**Description of the task:**
Write out only the lines from the start of the entries up to and including the line with "Beautiful Young Female"; please skip the pictures.

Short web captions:
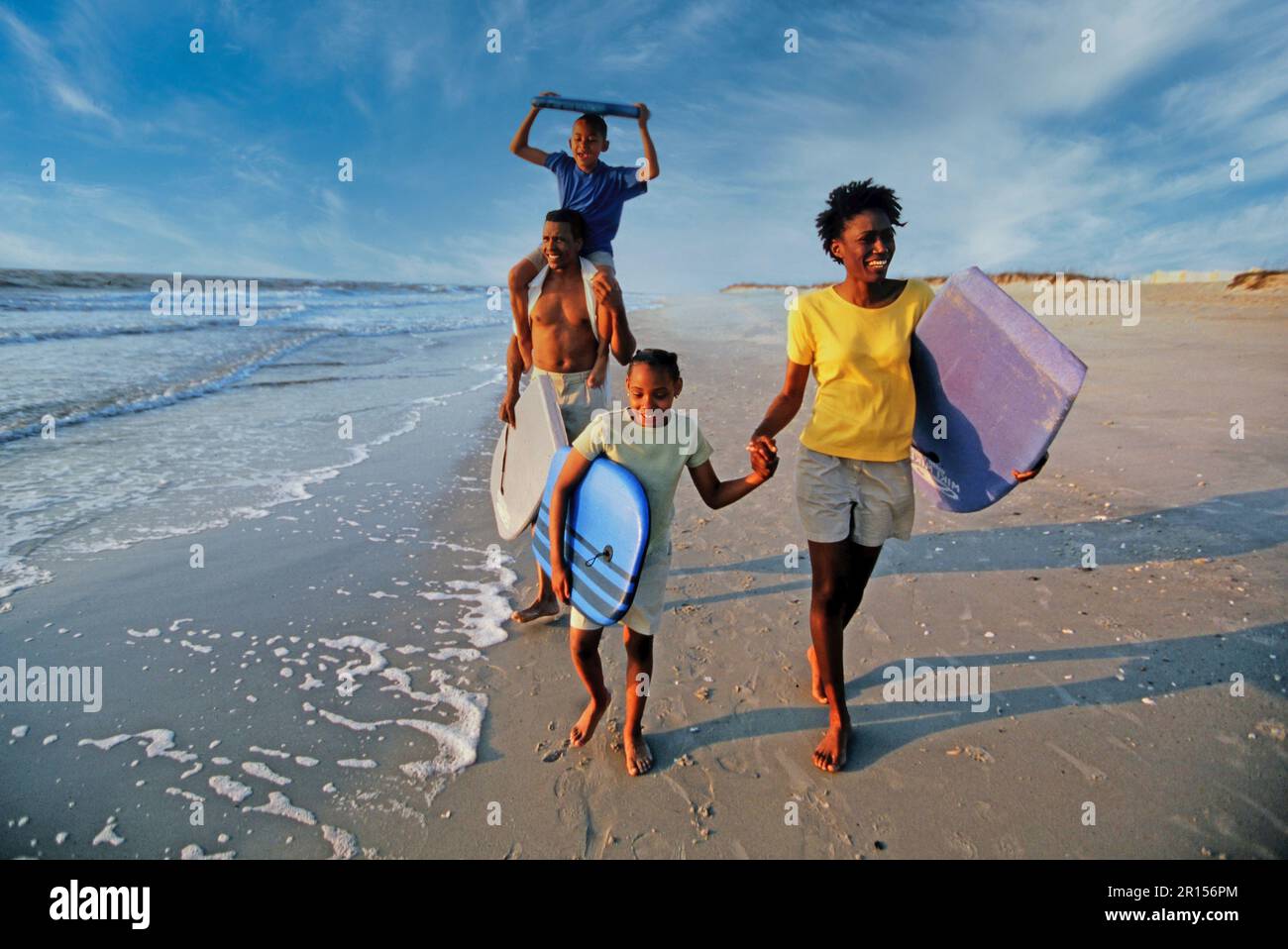 Afroamerikanische Familie mit Boogie Boards, die am Strand spazieren gehen Stockfoto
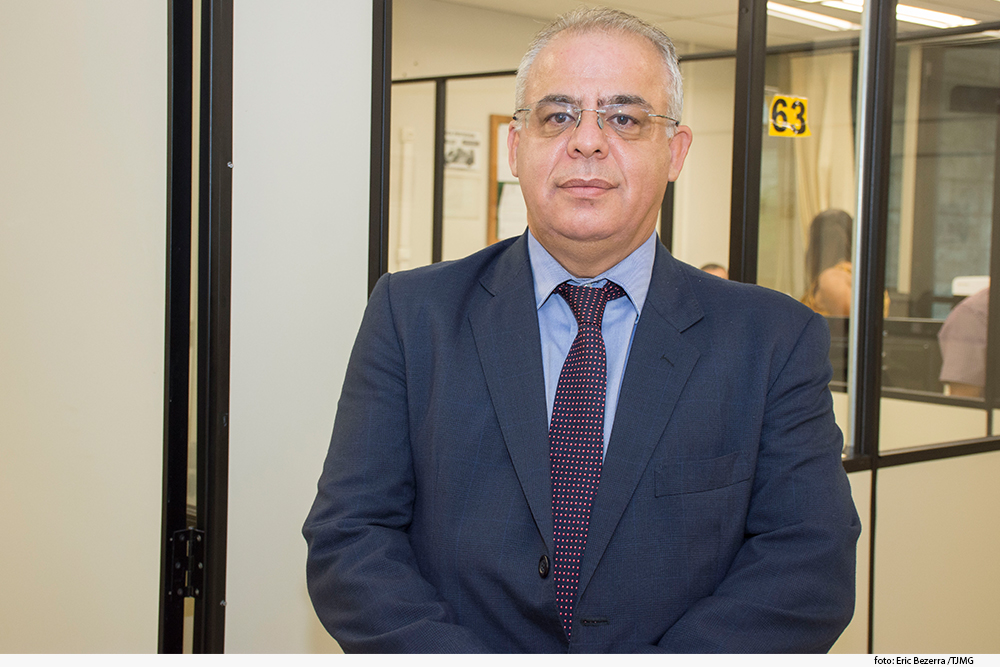 foto mostra homem de cabelos brancos, terno e óculos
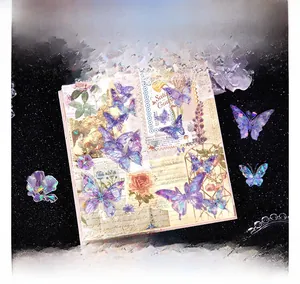 Macro detail of holographic butterfly floral stickers for vintage journaling and scrapbooking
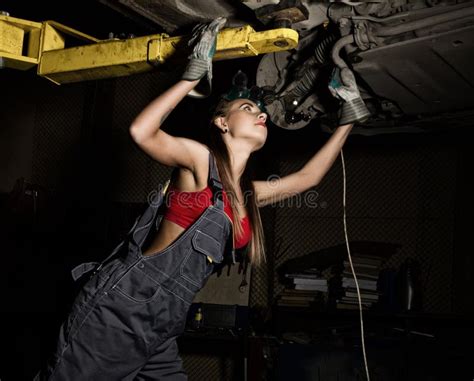 Beautiful Young Female Mechanic Inspecting Car in Auto Repair Shop ...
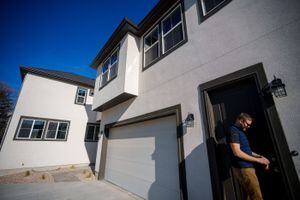 (Trent Nelson  |  The Salt Lake Tribune) Matt Stringham preapres to show the "Fonzi apartment" at a home at The Pines in Midvale on Wednesday, Dec. 1, 2021. The three homes that make up this Ivory Homes development in Midvale have secondary apartments, or accessory dwelling units (ADU).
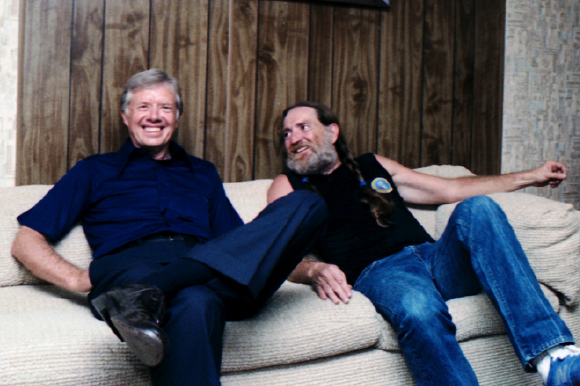 Jimmy Carter and a man with long hair and a beard sitting on a beige couch against wood paneling.
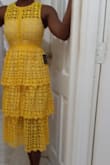 This dress caught my attention online because of the gorgeous bright yellow and the eyelet lace, which is always a favourite fabric of mine. 
It did not disappoint. 
I typically wear XS at Lulus and that's the size I ordered. But beware the waist has NO give. So my 32DD bust and 25/26 inch waist just barely allow the zip to close in the rib cage region...the rest zips easily. Perhaps a size small would be more convenient.  But that's no fault of the dress and I'll be keeping it since its not dreadfully bothersome to me.
Quality is great and the lining is modest. Sure to be a favourite for a few years to come. - Barbara H.
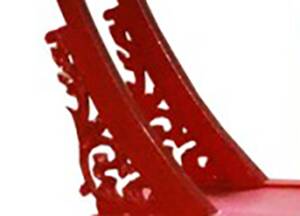 Red shelf with sculpted base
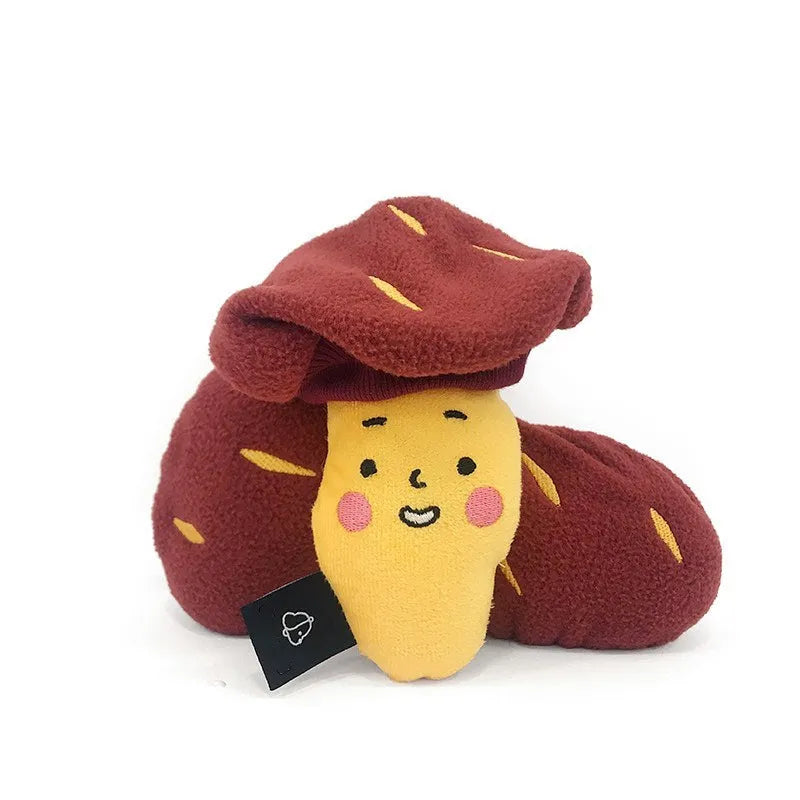 Red sweet potato pet toy with a peel-off layer and hidden treat pocket for dogs and cats.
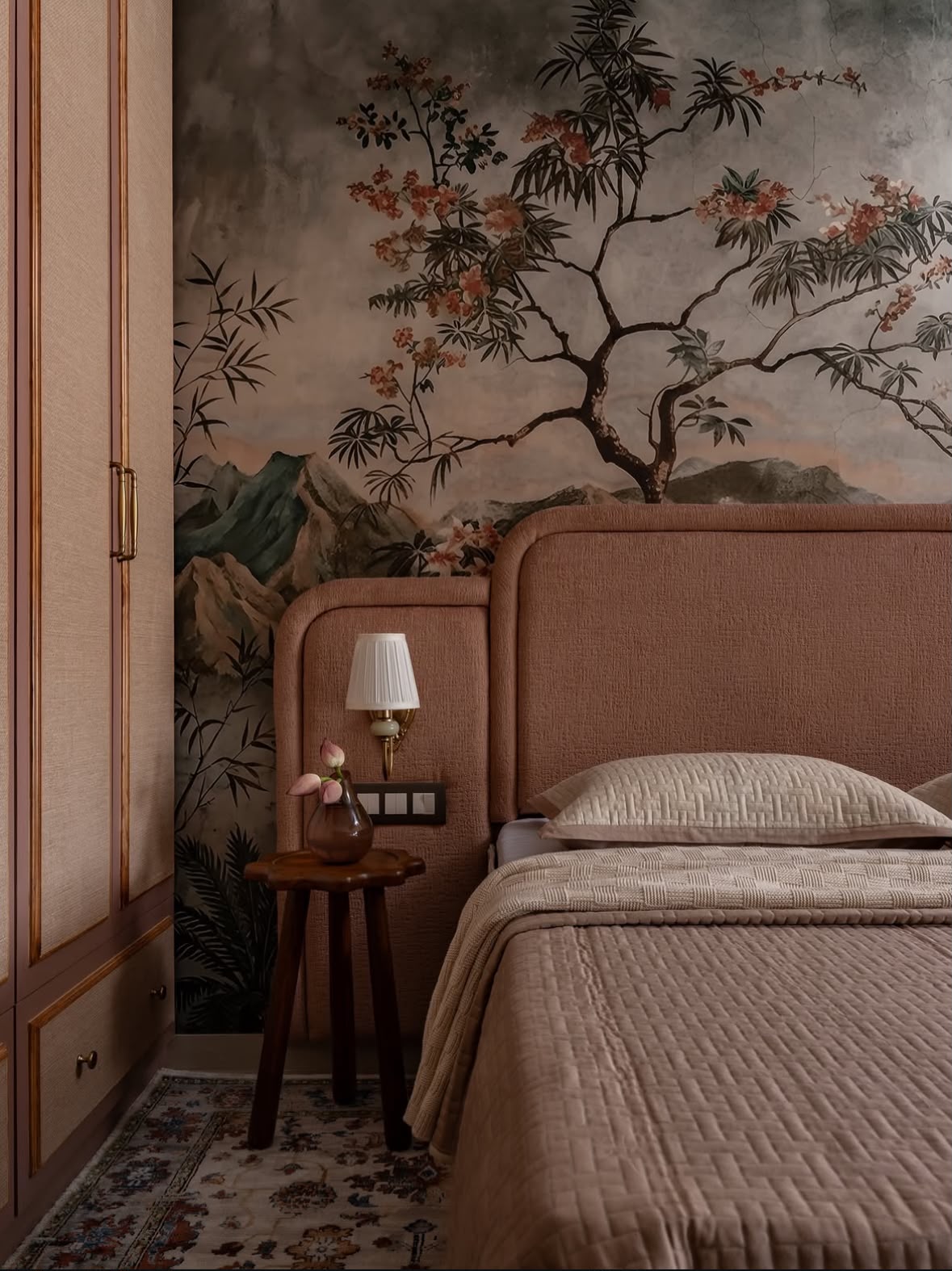 Bedroom with a painted landscape wallpaper, an upholstered headboard and a brass wall light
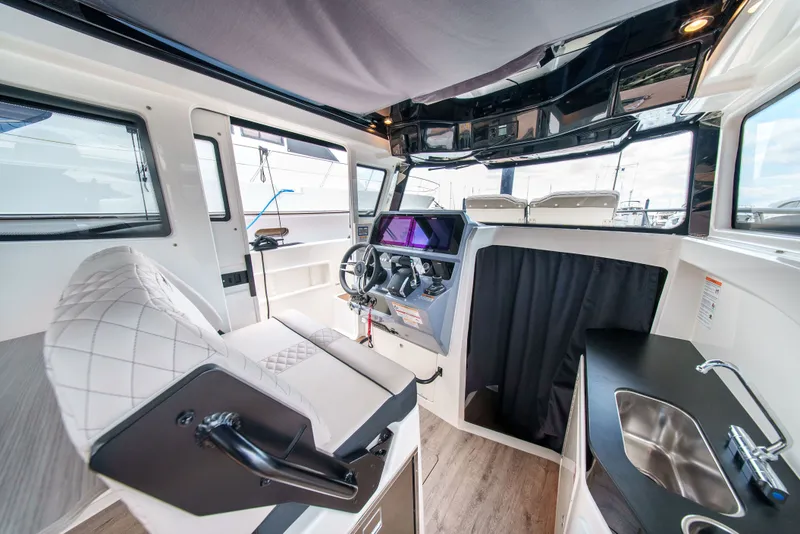 Slide: The Image of Interior view of a modern boat with steering wheel, seat, and sink. - 19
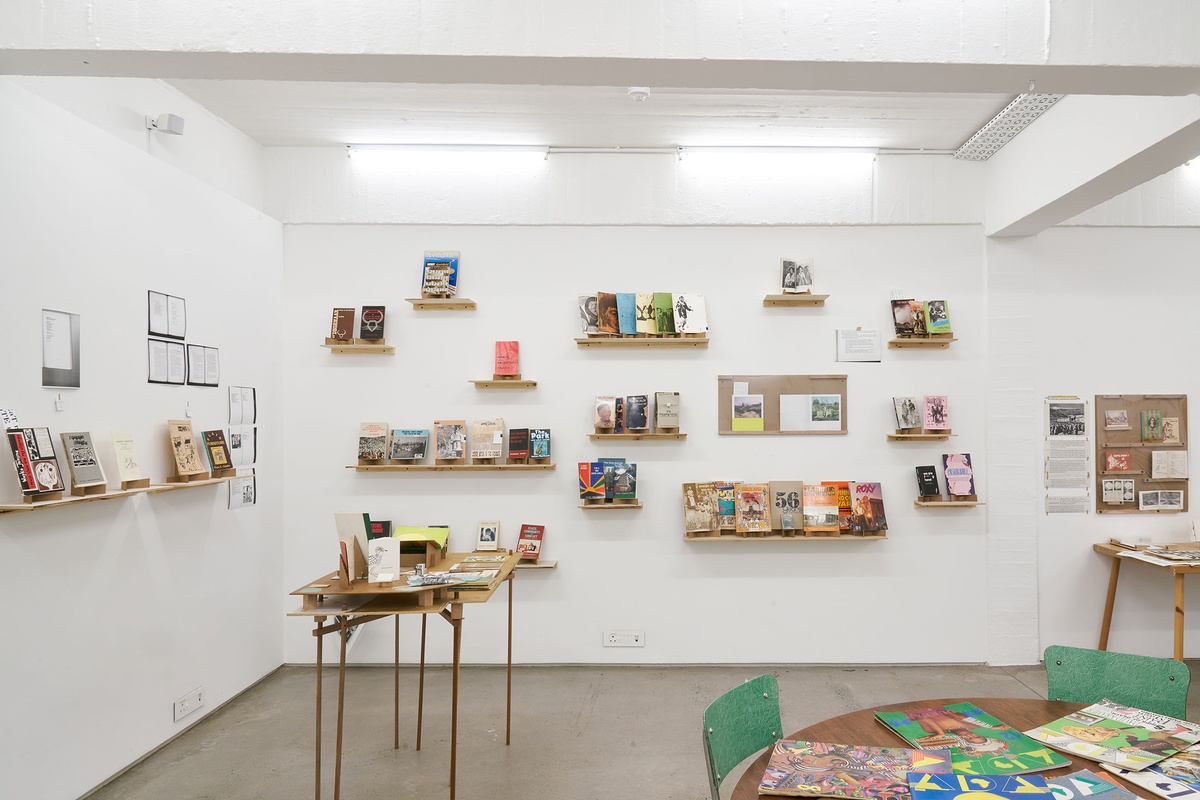 Installation photograph from the Papertrails exhibition in A4’s Reading Room. On the left, a wooden table with printed matter. At the back, various wall-mounted shelves with printed matter.
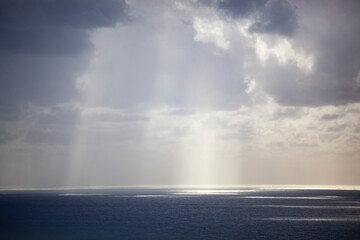 Overcast grey sky with low textured clouds. Sunlight peeks through the clouds and falls on the sea. Background. Horizontal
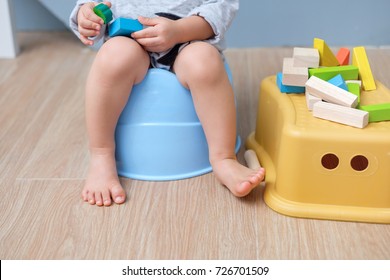 Closeup of legs of cute little Asian 18 months old toddler baby boy child sitting on potty playing with wooden blocks toy. Kid playing with educational toy & Toilet training concept. - Selective focus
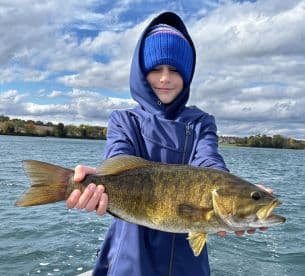 A young angler proudly displaying a large Smallmouth Bass while fishing on a scenic lake, showcasing the excitement of youth fishing adventures.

**Solution below:**
 Afroamerikanische Familie mit Boogie Boards, die am Strand spazieren gehen Stockfoto
 foto mostra homem de cabelos brancos, terno e óculos
 Macro detail of holographic butterfly floral stickers for vintage journaling and scrapbooking
 Beautiful Young Female Mechanic Inspecting Car in Auto Repair Shop ...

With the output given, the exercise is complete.